*DATA SHOWN*:
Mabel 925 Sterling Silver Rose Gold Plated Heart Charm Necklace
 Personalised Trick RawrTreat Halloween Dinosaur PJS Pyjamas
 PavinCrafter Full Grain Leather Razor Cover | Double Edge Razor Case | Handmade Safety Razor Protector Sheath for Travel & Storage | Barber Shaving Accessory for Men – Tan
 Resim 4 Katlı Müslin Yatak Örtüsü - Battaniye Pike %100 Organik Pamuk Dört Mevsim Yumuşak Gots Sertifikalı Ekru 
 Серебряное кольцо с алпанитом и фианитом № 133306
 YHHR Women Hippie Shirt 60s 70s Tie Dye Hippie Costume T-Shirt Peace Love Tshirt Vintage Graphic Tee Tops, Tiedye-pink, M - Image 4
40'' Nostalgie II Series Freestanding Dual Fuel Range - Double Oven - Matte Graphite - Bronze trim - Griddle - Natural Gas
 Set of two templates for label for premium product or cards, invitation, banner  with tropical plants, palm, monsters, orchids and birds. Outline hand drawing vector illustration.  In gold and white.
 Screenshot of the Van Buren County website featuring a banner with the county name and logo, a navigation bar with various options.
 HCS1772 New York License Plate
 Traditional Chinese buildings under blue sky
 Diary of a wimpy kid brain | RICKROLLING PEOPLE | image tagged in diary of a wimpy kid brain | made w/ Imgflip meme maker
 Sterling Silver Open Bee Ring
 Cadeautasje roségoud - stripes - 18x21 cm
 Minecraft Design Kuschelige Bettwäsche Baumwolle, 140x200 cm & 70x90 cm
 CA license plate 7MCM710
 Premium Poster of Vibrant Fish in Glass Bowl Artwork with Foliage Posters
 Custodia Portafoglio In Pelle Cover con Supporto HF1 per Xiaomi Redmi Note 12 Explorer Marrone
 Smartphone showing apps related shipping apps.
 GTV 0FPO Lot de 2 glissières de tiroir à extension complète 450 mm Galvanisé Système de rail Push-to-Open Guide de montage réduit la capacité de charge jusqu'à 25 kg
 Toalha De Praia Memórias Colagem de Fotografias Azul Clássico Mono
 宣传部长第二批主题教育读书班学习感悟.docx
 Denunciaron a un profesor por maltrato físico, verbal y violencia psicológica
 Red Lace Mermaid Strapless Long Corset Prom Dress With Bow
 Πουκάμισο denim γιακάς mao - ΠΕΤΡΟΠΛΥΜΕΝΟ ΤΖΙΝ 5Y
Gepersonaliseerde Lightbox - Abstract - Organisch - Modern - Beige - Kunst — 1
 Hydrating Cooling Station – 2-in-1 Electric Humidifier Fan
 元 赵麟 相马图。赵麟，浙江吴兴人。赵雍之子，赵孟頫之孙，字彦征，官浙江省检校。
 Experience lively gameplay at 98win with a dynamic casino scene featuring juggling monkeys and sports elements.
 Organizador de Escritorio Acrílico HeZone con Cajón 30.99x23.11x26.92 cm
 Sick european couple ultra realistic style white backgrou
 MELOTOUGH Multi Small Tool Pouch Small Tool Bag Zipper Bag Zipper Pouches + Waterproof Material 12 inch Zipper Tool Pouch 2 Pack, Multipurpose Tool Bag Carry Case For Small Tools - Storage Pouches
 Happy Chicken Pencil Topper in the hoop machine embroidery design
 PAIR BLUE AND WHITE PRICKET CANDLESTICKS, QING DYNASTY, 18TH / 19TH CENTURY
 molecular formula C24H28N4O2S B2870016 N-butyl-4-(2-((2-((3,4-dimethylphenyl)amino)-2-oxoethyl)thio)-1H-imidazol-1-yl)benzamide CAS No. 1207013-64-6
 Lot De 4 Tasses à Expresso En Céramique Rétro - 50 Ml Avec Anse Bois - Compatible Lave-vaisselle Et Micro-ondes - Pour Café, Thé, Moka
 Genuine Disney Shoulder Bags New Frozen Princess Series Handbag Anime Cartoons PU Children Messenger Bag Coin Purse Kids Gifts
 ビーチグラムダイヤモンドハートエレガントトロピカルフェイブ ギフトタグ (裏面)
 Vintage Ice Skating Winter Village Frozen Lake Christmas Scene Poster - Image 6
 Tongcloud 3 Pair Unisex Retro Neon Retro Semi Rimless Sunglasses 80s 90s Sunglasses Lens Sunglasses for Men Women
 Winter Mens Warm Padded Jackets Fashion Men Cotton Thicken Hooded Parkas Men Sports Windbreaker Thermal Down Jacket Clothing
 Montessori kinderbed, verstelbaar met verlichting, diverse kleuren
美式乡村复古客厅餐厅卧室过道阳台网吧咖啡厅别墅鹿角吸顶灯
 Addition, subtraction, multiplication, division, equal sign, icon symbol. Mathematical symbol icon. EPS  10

*EXERCISE INSTRUCTIONS*: Look over the material above and report each line holding "Storage".

*OUTPUT FOR THIS EXERCISE*:
 PavinCrafter Full Grain Leather Razor Cover | Double Edge Razor Case | Handmade Safety Razor Protector Sheath for Travel & Storage | Barber Shaving Accessory for Men – Tan
 MELOTOUGH Multi Small Tool Pouch Small Tool Bag Zipper Bag Zipper Pouches + Waterproof Material 12 inch Zipper Tool Pouch 2 Pack, Multipurpose Tool Bag Carry Case For Small Tools - Storage Pouches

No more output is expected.